Pemerataan infrastruktur dan SDM
Senada dengan Muhadjir, Rosdewi Malau, salah satu guru di SMPN 20 Jakarta, juga merasakan hal yang sama. Ia berpendapat untuk ketersediaan infrastruktur dan fasilitas belajar mengajar di kota-kota besar sudah memadai. Ia berharap pemerintah lebih memperhatikan infrastruktur dan ketersedian SDM di daerah-daerah terpecil demi meratanya mutu pendidikan di Indonesia.
"Kalau di kota sendiri sih sudah bagus,katakanlah daerah-daerah yang sudah terjamah teknologi dan fasilitas yang ada saya rasa sudah bagus.

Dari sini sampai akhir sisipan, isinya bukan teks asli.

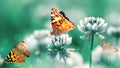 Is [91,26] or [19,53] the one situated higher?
[91,26]

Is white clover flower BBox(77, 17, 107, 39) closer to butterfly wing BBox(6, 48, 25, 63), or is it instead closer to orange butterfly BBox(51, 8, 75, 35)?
orange butterfly BBox(51, 8, 75, 35)

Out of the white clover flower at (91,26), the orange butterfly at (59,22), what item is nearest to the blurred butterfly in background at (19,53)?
the orange butterfly at (59,22)

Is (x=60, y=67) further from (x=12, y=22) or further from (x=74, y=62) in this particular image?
(x=12, y=22)

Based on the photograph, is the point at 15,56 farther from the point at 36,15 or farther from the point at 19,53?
the point at 36,15

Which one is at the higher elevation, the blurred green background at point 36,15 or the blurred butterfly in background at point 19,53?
the blurred green background at point 36,15

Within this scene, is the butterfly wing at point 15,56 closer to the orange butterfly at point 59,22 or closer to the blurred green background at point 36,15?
the blurred green background at point 36,15

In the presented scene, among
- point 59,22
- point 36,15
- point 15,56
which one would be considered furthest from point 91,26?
point 15,56
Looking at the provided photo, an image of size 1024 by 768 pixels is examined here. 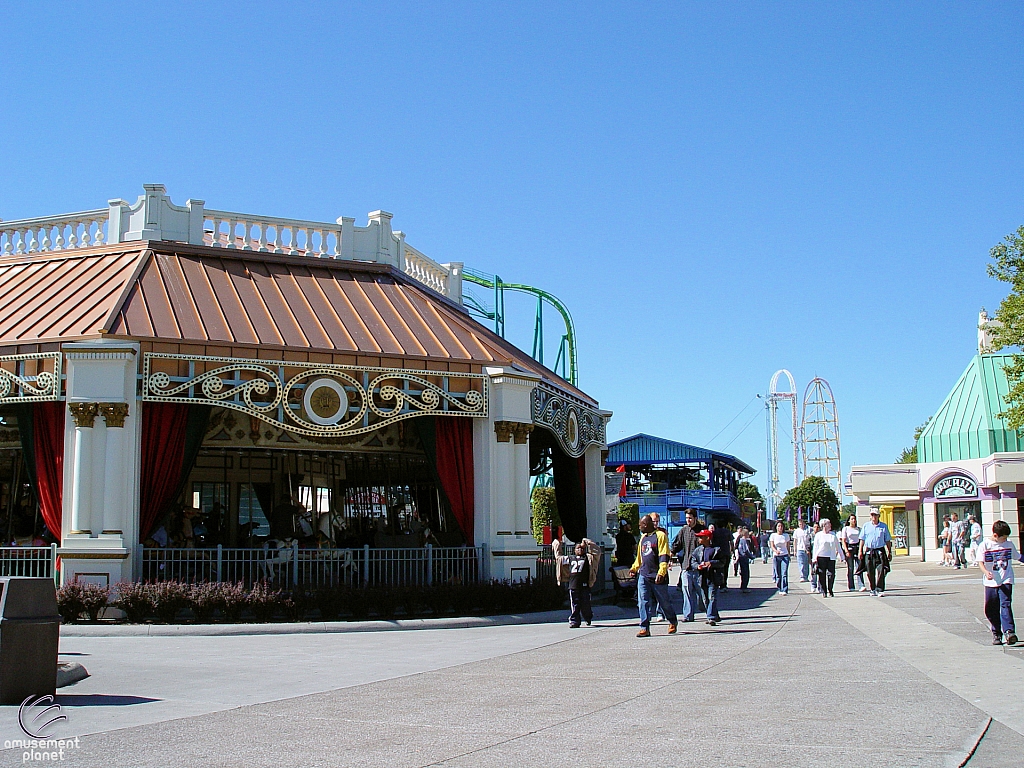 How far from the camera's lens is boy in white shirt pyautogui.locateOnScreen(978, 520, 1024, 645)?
41.9 ft

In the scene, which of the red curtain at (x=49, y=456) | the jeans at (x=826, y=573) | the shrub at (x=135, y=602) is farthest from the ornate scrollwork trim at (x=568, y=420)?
the red curtain at (x=49, y=456)

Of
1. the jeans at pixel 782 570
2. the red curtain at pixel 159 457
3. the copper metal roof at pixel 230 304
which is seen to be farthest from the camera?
the jeans at pixel 782 570

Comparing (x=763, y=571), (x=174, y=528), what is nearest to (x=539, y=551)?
(x=174, y=528)

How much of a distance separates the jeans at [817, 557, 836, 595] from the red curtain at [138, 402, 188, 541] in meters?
12.6

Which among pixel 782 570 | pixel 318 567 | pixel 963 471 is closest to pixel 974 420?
pixel 963 471

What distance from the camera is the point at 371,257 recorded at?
77.6 feet

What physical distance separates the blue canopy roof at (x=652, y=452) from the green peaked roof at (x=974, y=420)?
2285 cm

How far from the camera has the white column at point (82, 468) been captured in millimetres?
17500

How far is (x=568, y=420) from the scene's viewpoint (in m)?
23.4

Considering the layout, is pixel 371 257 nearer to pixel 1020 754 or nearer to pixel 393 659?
pixel 393 659

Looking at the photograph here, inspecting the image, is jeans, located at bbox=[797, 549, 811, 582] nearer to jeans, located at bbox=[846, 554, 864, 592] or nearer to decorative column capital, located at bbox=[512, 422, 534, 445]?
jeans, located at bbox=[846, 554, 864, 592]

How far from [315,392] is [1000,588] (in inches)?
455

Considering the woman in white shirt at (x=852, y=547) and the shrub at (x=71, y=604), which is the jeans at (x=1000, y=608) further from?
the shrub at (x=71, y=604)

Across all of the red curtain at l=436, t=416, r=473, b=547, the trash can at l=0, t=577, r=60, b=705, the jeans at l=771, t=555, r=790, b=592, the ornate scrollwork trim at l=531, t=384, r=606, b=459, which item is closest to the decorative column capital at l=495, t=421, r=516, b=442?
the red curtain at l=436, t=416, r=473, b=547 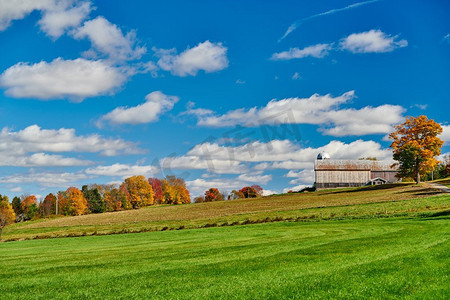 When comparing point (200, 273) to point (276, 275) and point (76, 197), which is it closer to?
point (276, 275)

Ya itu dia SDM-nya juga harus diperbaiki, terutama di daerah dengan cara ya itu tadi, gajinya mungkin, fasilitasnya, semua aspek diperhatikan harus," ujar Rosdewi saat diwawancarai DW Indonesia.

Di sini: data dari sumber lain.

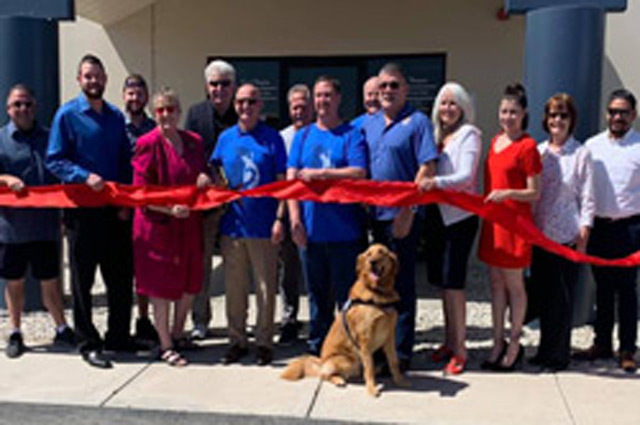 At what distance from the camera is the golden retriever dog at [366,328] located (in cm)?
444

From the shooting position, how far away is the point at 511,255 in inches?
188

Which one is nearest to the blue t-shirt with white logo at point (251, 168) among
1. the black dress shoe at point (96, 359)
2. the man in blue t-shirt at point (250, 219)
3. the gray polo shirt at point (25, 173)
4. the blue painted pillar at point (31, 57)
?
the man in blue t-shirt at point (250, 219)

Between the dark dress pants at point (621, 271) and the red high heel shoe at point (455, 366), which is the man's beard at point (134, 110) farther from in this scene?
the dark dress pants at point (621, 271)

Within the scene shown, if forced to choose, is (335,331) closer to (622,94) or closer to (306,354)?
(306,354)

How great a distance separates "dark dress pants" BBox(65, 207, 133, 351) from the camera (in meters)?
5.09

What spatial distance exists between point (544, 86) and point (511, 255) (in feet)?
6.53

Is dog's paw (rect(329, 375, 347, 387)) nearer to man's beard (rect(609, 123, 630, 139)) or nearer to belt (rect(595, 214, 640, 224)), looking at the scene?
belt (rect(595, 214, 640, 224))

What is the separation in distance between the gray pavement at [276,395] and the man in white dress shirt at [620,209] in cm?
42

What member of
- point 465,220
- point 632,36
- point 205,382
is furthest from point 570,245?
point 632,36

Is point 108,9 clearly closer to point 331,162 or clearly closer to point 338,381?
point 331,162

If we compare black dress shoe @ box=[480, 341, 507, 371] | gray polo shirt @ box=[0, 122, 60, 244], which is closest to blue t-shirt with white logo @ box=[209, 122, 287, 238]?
gray polo shirt @ box=[0, 122, 60, 244]

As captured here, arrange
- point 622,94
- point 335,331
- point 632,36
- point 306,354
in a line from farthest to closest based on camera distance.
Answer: point 632,36 → point 306,354 → point 622,94 → point 335,331

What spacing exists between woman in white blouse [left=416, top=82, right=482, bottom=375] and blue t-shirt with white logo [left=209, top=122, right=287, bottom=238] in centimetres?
116

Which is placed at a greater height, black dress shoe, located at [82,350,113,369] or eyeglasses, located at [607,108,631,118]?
eyeglasses, located at [607,108,631,118] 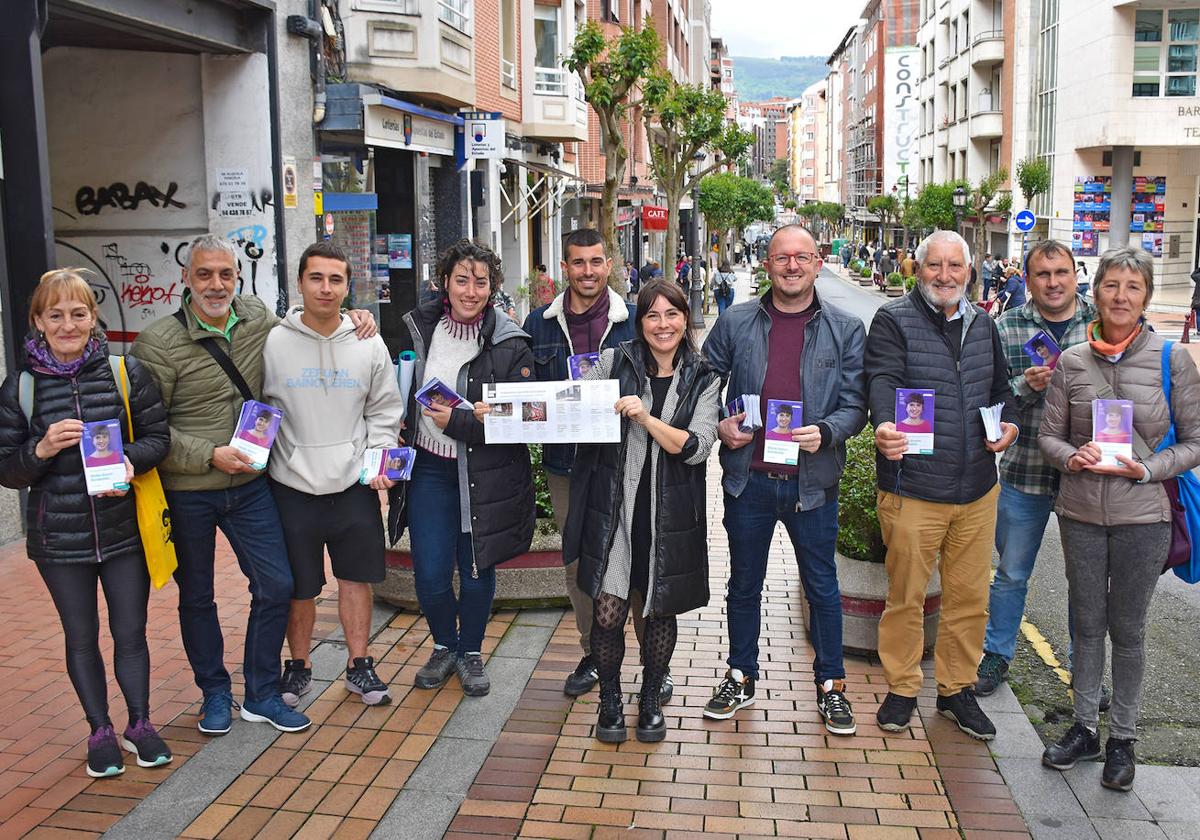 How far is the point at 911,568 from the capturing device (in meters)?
5.11

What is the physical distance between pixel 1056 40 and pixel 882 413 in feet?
148

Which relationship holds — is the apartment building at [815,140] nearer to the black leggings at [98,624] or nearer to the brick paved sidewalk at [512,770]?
the brick paved sidewalk at [512,770]

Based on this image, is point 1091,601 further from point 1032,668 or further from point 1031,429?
point 1032,668

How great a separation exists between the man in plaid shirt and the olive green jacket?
342 centimetres

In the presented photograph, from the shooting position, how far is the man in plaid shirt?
213 inches

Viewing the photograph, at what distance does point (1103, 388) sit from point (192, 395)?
367cm

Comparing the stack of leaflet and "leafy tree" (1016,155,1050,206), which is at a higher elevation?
"leafy tree" (1016,155,1050,206)

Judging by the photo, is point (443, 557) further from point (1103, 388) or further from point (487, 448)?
point (1103, 388)

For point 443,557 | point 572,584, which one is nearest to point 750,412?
point 572,584

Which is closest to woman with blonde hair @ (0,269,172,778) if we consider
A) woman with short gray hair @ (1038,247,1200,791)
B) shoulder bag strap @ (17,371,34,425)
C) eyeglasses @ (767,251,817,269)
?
shoulder bag strap @ (17,371,34,425)

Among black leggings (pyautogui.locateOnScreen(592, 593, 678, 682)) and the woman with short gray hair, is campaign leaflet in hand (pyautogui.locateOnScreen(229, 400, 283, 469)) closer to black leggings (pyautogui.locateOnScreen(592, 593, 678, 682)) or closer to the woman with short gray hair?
black leggings (pyautogui.locateOnScreen(592, 593, 678, 682))

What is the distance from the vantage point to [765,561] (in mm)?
5246

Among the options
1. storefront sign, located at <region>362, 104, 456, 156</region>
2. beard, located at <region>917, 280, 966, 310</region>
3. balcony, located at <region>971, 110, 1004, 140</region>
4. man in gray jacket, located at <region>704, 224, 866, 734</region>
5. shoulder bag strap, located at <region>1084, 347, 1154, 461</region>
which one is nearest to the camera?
shoulder bag strap, located at <region>1084, 347, 1154, 461</region>

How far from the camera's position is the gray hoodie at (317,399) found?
16.3ft
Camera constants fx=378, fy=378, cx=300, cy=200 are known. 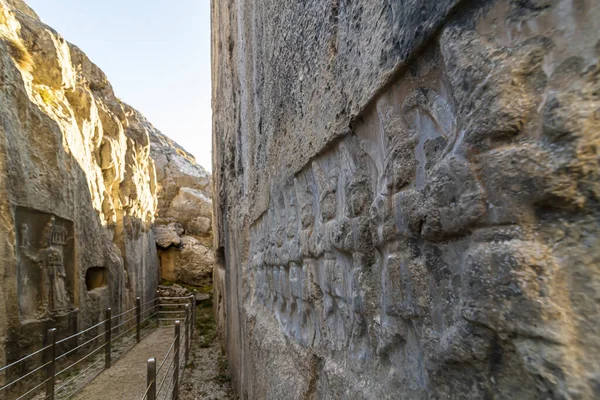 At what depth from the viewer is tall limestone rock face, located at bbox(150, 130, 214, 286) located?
14.0 metres

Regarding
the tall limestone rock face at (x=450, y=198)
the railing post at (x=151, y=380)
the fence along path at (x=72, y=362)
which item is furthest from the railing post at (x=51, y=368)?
the tall limestone rock face at (x=450, y=198)

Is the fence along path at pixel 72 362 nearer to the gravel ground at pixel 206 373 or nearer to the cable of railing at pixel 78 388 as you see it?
the cable of railing at pixel 78 388

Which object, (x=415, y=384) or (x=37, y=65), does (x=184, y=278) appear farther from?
(x=415, y=384)

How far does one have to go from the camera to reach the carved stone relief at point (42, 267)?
5117 mm

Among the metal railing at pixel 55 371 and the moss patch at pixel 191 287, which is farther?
the moss patch at pixel 191 287

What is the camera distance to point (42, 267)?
5484mm

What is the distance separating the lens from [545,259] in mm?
625

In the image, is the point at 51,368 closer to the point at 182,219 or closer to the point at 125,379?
the point at 125,379

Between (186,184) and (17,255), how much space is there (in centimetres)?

Dengan tuntutan perkembangan zaman yang cepat, guru yang sudah mengajar dari tahun 1984 ini, sadar betul para pendidik harus bisa beradaptasi dengan perkembangan tersebut. Apalagi dari sisi teknologi, jika dibandingkan dulu dimana guru harus mengajar dengan metode konservatif, sebut saja papan tulis, kapur, buku-buku pelajaran yang tebal, namun kini dengan kehadiran teknologi seperti komputer, proyektor, dan internet dirasanya sangat efektif dalam kegiatan belajar mengajar. Namun Rosdewi menekankan faktor pengawasan orang tua di rumah juga menjadi hal mutlak, apalagi di usia-usia tersebut siswa sangat rentan terhadap pengaruh luar. Sehingga pengaruh teknologi ataupun internet tidak memberikan dampak yang buruk terhadap perkembangan belajar siswa.
"Kita sering bicara dengan orang tua (siswa), kita tidak mungkin menghambat teknologi itu. Tapi bagaimana cara pengawasannya, jadi mestinya orang tua dari rumah harus tahu apa yang dibaca anaknya, apa yang dilihat, karena kalau kita mau menutup teknologi ini juga malah menghambat, anak-anak ini kan akan berkembang, ga kita saja mereka kan perlu juga, perlu tahu. Cuma ya menurut saya pengawasan dari rumah harus lebih ketat," jelasnya.
Seperti diketahui, demi menyongsong Revolusi Industri 4.0 pemerintah mulai menggeser fokusnya dari pembangunan infrastruktur ke pembangunan sumber daya manusia. Muhadjir pun berpendapat perkembangan teknologi yang semakin canggih dapat mempengaruhi cara berpikir, berperilaku, dan karakter siswa. "Peserta didik harus memiliki karakter dan jati diri bangsa di tengah perubahan global yang bergerak cepat," ujar mantan Rektor Universitas Muhammadiyah Malang ini.